The simplest form /placedungeon [dungeon type] places the specified dungeon at the player's cursor:

/placedungeon evilfortress

One can also specify world coordinates in 'X,Y' as an additional parameter in /placedungeon [dungeon type] [X],[Y]:

/placedungeon evilfortress 1280,1000

Mechanics

Dungeons in Starbound consist of one or more anchor pieces, and optional connector pieces. When the /placedungeon command is invoked, one of the anchor pieces is randomly chosen and placed with its top-left corner at the point specified by the command. Then, any viable connector pieces are randomly selected and placed according to the rules of the dungeon, until no more can be placed.
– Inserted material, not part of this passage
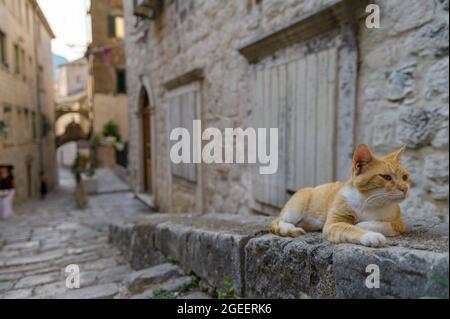 Un chat assis sur la chaussée dans la vieille ville de Kotor, Monténégro Banque D'Images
Unlike natural (random) generation, the /placedungeon command does not require any anchor rules to be obeyed. It will unconditionally place a dungeon at the specified location, even if that location is nonsensical, e.g., floating in mid-air. This will instantly destroy any existing blocks or objects in the way of the new dungeon.

Dangers

It will permanently alter the world, and likely produces unwanted effects:

  • Any preexisting blocks or objects in the path of the new dungeon will be destroyed instantly, including player homebase.
  • Natural generation uses C++ functions to flatten terrain before placing a dungeon. The command won't use these functions, so the terrain around the placed dungeon may be nonsensical or very ugly.
  • Any preexisting players, vehicles, monsters and NPCs will continue to exist where they were, but may become trapped behind foreground blocks of the new dungeon. This also means that pre-existing hostile monsters may find themselves in a room full of tasty helpless villagers.
  • Unlike natural placement, the command does not allow the specification of the dungeonid. All dungeons spawned with the command will have dungeonid 1. Given that dungeonid is used to specify air, gravity, and shielding, a dungeon spawned with the command may not have the correct values for these settings, when compared with a naturally-generated dungeon of the same type.
  • Some dungeons, meant only for specific places, have special blocks. When these dungeons are spawned outside of their intended locations, these blocks may adversely affect the world. For example, underwater dungeons have blocks that spawn infinite water, which will flood land if placed outside an ocean. Likewise, many space dungeons are surrounded by special blocks that are shielded and zero-gravity, and will not play nicely if placed in a terrestrial world.
  • Some dungeons, such as space encounters, have objects that are intended to be unique in a world. Spawning two of these dungeons into the same world will corrupt the world permanently and crash.